Give Me a Shot of Cortisone Doc

Give Me a Shot of Cortisone Doc

Today a patient told me to just give him a cortisone injection in his knee and he’ll be good to go. This quick-fix attitude has certainly made practicing Orthopaedic Surgery quite challenging over the last 20 years. Cortisone has helped many of my patients, but it doesn’t come without risk and is a double-edged sword.

“Cortisone” is a group of medications that act as a powerful anti-inflammatory. It is not a pain reliever so if it makes you better after injecting into your joint, the inflammation was the cause of the pain.

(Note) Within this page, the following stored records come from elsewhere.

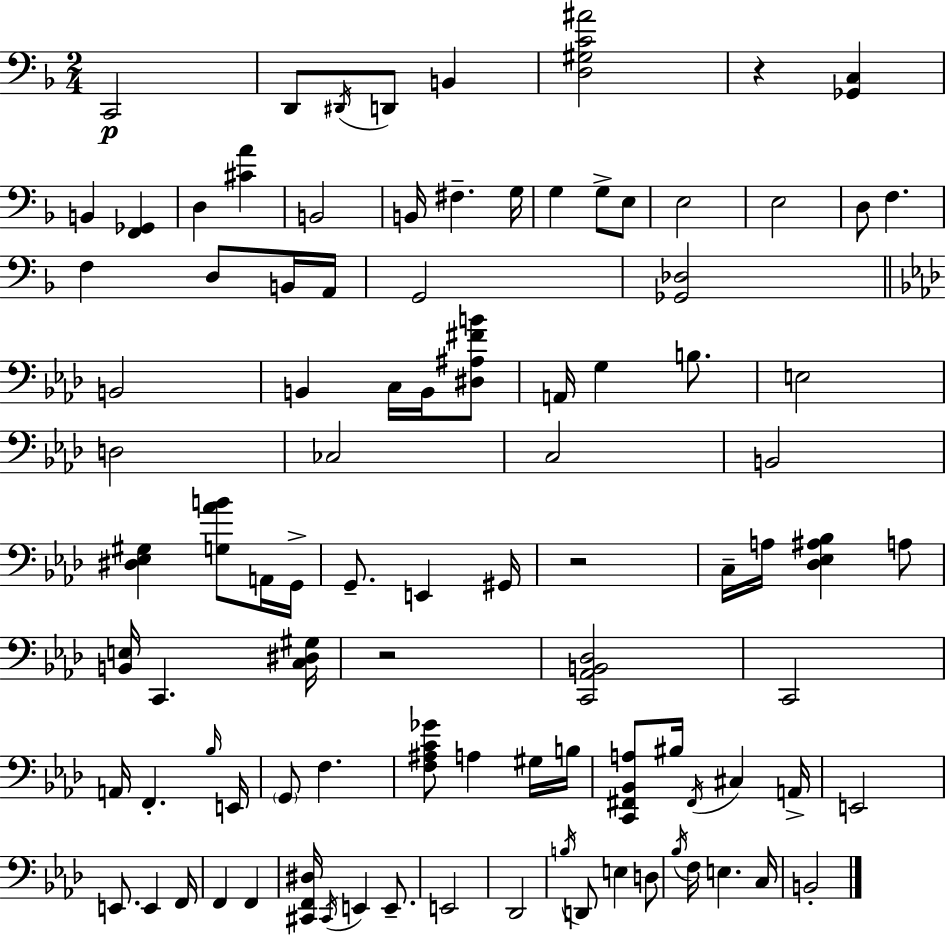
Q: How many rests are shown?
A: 3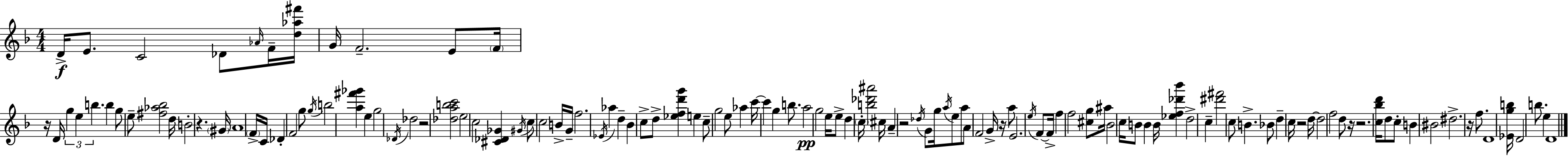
{
  \clef treble
  \numericTimeSignature
  \time 4/4
  \key d \minor
  \repeat volta 2 { d'16->\f e'8. c'2 des'8 \grace { aes'16 } f'16-- | <d'' aes'' fis'''>16 g'16 f'2.-- e'8 | \parenthesize f'16 r16 d'16 \tuplet 3/2 { g''4 e''4 b''4. } | b''4 g''8 e''8-- <fis'' aes'' bes''>2 | \break d''16 b'2-. r4. | \parenthesize gis'16 a'1 | \parenthesize f'16-> c'16 des'4-. f'2 g''8 | \acciaccatura { g''16 } b''2 <a'' fis''' ges'''>4 e''4 | \break g''2 \acciaccatura { des'16 } des''2 | r2 <des'' a'' b'' c'''>2 | e''2 c''2 | <cis' des' ges'>4 \acciaccatura { gis'16 } c''8 c''2 | \break b'16-> g'16-- f''2. | \acciaccatura { ees'16 } aes''4 d''4-- bes'4 c''8-> d''8-> | <ees'' f'' d''' g'''>4 e''4 c''8-- g''2 | e''8 aes''4 c'''16~~ c'''4 g''4 | \break b''8. a''2\pp g''2 | e''16 e''8-> d''4 \parenthesize c''16-. <b'' des''' ais'''>2 | cis''16 a'4-- r2 | \acciaccatura { des''16 } g'8 g''16 \acciaccatura { a''16 } e''8 a''8 a'8 f'2 | \break g'16-> r16 a''8 e'2. | \acciaccatura { e''16 } f'8~~ f'16-> f''4 f''2 | <cis'' g''>8 ais''16 bes'2 | c''16 b'8 b'4 b'16 <ees'' f'' des''' bes'''>4 d''2-> | \break c''4-- <dis''' fis'''>2 | c''8 b'4.-> bes'8 d''4-- c''16 r2 | d''16~~ d''2 | f''2 d''8 r16 r2. | \break <c'' bes'' d'''>16 d''8 c''8-. b'4 | bis'2 dis''2.-> | r16 f''8. d'1 | <ees' g'' b''>16 d'2 | \break b''8. e''4 d'1 | } \bar "|."
}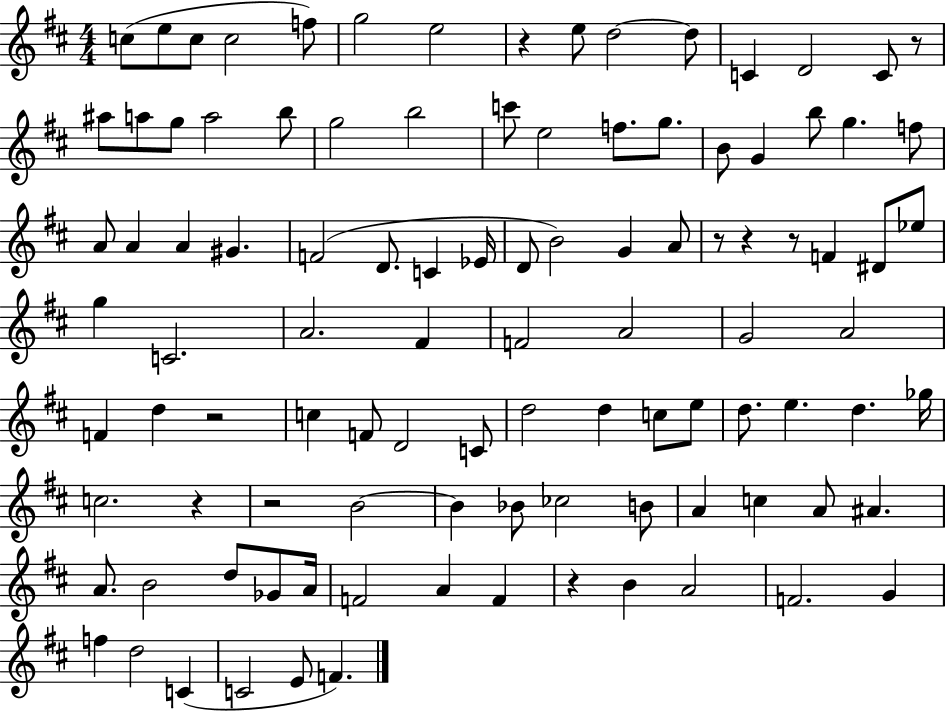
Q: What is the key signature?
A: D major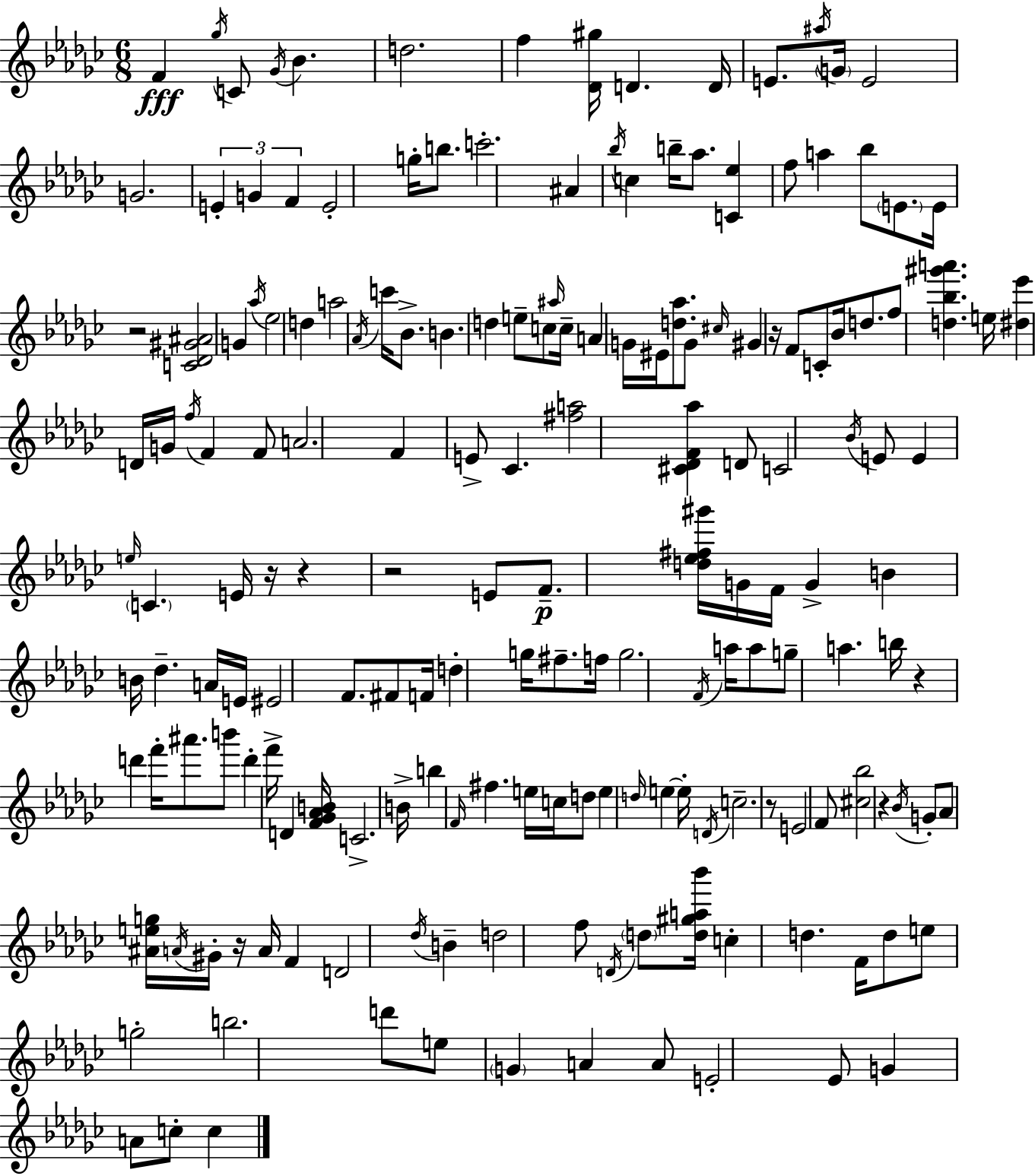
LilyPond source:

{
  \clef treble
  \numericTimeSignature
  \time 6/8
  \key ees \minor
  f'4\fff \acciaccatura { ges''16 } c'8 \acciaccatura { ges'16 } bes'4. | d''2. | f''4 <des' gis''>16 d'4. | d'16 e'8. \acciaccatura { ais''16 } \parenthesize g'16 e'2 | \break g'2. | \tuplet 3/2 { e'4-. g'4 f'4 } | e'2-. g''16-. | b''8. c'''2.-. | \break ais'4 \acciaccatura { bes''16 } c''4 | b''16-- aes''8. <c' ees''>4 f''8 a''4 | bes''8 \parenthesize e'8. e'16 r2 | <c' des' gis' ais'>2 | \break g'4 \acciaccatura { aes''16 } ees''2 | d''4 a''2 | \acciaccatura { aes'16 } c'''16 bes'8.-> b'4. | d''4 e''8-- c''8 \grace { ais''16 } c''16-- a'4 | \break g'16 eis'16 <d'' aes''>8. g'8 \grace { cis''16 } gis'4 | r16 f'8 c'8-. bes'16 d''8. f''8 | <d'' bes'' gis''' a'''>4. e''16 <dis'' ees'''>4 | d'16 g'16 \acciaccatura { f''16 } f'4 f'8 a'2. | \break f'4 | e'8-> ces'4. <fis'' a''>2 | <cis' des' f' aes''>4 d'8 c'2 | \acciaccatura { bes'16 } e'8 e'4 | \break \grace { e''16 } \parenthesize c'4. e'16 r16 r4 | r2 e'8 | f'8.--\p <d'' ees'' fis'' gis'''>16 g'16 f'16 g'4-> b'4 | b'16 des''4.-- a'16 e'16 | \break eis'2 f'8. fis'8 | f'16 d''4-. g''16 fis''8.-- f''16 g''2. | \acciaccatura { f'16 } | a''16 a''8 g''8-- a''4. b''16 | \break r4 d'''4 f'''16-. ais'''8. | b'''8 d'''4-. f'''16-> d'4 <f' ges' aes' b'>16 | c'2.-> | b'16-> b''4 \grace { f'16 } fis''4. | \break e''16 c''16 d''8 e''4 \grace { d''16 } e''4~~ | e''16-. \acciaccatura { d'16 } c''2.-- | r8 e'2 | f'8 <cis'' bes''>2 r4 | \break \acciaccatura { bes'16 } g'8-. aes'8 <ais' e'' g''>16 \acciaccatura { a'16 } gis'16-. r16 | a'16 f'4 d'2 | \acciaccatura { des''16 } b'4-- d''2 | f''8 \acciaccatura { d'16 } \parenthesize d''8 <d'' gis'' a'' bes'''>16 c''4-. | \break d''4. f'16 d''8 e''8 g''2-. | b''2. | d'''8 e''8 \parenthesize g'4 | a'4 a'8 e'2-. | \break ees'8 g'4 a'8 | c''8-. c''4 \bar "|."
}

Over the years I have always been very cautious about injections of cortisone. My hesitation and judicious use of cortisone have been recently validated by several research studies.

1. Recently it has been shown that the results and healing rates of rotator cuff repair are negatively affected by multiple cortisone injections prior to the surgery. This is something I have suspected for years and research now backs it up.

2. Studies have shown that with joint injections of cortisone within 3 months of joint replacement and hip arthroscopy, the risk of surgical infection is significantly increased.

3. Tennis elbow was traditionally treated with cortisone injections. I’m still shocked when I have patients come in who have had 6 or more shots and still they are in pain. Many studies have proven that cortisone does not alter the natural history of tennis elbow. In addition, multiple cortisone injections decrease the chance of surgery working if needed.

These are just many examples of how cortisone should be used wisely and with caution.

When you ask for a quick fix of cortisone realize that there is more to it than meets the eye.